Britain’s newest and most up-and-coming magician is wowing them in the Shires and Backbenches. Not since the legendary Paul Daniels had Britain seen a trick like this one.
Known as Saj The Maj, he’s magically finding money for everyone, so his act is terribly popular. “Old magic doesn’t set pulses racing any more,” he told us. “Sleight of hand has been seen through. It’s just basic dishonesty when you strip the Manifesto policy wordings away, and people want more. Previous magicians have exhausted the old ‘pulling a rabbit out of a hat’ routine, too, so I needed something new. I looked at this old tree in the garden at the back of my new house and thought, hmm, a money tree.
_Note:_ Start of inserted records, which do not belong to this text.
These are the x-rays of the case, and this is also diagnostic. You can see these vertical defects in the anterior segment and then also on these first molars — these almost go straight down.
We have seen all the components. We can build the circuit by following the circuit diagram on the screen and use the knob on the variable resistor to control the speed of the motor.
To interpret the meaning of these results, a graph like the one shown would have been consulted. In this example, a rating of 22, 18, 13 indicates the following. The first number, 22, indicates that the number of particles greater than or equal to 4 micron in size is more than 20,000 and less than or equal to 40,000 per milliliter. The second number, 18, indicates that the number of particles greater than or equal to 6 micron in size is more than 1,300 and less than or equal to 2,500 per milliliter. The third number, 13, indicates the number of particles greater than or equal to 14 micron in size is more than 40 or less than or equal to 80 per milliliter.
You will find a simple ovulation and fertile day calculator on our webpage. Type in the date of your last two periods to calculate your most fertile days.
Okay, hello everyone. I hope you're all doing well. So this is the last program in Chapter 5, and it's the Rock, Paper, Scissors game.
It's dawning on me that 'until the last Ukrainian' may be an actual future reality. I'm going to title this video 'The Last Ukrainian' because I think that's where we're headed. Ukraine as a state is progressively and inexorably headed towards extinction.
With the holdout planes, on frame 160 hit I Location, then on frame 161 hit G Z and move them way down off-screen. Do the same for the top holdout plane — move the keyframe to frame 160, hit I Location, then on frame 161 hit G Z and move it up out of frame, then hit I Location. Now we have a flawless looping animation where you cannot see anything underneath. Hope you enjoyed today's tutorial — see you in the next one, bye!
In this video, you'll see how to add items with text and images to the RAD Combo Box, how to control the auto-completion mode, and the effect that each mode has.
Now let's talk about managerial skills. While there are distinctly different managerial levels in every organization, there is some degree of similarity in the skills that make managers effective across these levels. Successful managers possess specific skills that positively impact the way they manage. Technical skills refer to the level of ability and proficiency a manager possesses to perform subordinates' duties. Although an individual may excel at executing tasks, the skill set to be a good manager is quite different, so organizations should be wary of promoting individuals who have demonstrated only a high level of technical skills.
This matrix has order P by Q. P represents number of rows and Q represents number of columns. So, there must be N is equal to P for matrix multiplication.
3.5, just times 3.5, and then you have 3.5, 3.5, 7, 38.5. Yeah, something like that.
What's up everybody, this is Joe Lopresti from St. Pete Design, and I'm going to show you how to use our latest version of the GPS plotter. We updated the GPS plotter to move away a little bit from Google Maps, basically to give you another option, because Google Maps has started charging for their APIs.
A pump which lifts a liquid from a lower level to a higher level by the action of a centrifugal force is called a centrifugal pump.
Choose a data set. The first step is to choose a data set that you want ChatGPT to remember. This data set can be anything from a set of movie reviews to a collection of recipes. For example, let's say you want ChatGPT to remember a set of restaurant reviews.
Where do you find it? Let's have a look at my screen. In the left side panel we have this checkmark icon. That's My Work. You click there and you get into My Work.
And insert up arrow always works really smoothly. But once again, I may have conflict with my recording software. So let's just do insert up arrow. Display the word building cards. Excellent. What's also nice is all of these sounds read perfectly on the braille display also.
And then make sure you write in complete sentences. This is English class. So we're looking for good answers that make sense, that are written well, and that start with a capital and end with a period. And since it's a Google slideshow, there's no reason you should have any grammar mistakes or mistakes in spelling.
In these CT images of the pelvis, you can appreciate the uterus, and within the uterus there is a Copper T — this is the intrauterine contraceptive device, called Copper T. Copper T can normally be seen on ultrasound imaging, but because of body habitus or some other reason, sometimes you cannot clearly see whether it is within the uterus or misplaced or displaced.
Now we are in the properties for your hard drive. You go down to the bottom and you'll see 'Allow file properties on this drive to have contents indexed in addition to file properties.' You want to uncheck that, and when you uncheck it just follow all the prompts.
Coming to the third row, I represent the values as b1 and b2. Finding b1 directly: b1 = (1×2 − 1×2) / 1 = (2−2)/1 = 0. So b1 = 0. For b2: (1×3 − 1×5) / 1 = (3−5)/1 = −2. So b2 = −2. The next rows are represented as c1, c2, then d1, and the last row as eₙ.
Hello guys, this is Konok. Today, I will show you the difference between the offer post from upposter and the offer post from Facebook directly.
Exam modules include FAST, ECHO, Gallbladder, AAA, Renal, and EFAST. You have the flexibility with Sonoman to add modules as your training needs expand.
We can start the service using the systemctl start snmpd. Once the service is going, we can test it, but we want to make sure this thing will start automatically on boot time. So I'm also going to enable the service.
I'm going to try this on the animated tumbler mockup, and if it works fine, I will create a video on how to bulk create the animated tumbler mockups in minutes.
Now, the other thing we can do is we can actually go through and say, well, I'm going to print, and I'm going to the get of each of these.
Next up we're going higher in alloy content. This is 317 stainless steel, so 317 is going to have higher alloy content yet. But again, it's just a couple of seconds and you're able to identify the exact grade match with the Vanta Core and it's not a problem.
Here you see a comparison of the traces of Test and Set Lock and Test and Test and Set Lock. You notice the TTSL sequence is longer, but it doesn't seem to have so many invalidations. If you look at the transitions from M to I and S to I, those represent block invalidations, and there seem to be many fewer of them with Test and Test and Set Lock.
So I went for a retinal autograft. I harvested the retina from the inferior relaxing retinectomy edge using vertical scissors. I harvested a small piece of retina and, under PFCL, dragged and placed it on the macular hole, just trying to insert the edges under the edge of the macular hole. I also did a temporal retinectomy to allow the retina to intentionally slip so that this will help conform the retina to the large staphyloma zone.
The previous bloke who lived here talked a lot about money tree policy, and now I understand what he was on about. I’ve built my act around it.”
Magically, Saj has found money in the garden for 20,000 new* police officers, nearly replacing the number lost since the Tories came to power (* sorry, even we can’t define “new” in a way which covers off the actual truth here). He’s found money for 10,000 new prison places, too. Best of all, he’s found billions more to give to his friend, Gove, to spend on a party at his local brewery.
“I thought we could celebrate money tree policy with a new 50p coin, too,” Saj told us. “I want it to say ‘Peace, prosperity and friendship with all Tories’ on the back, or something like that.”
Gove and his other other friends are hoping Saj can keeping his act going when Autumn comes and all the leaves have fallen off the money tree. Quietly, some are worried that the money will run out.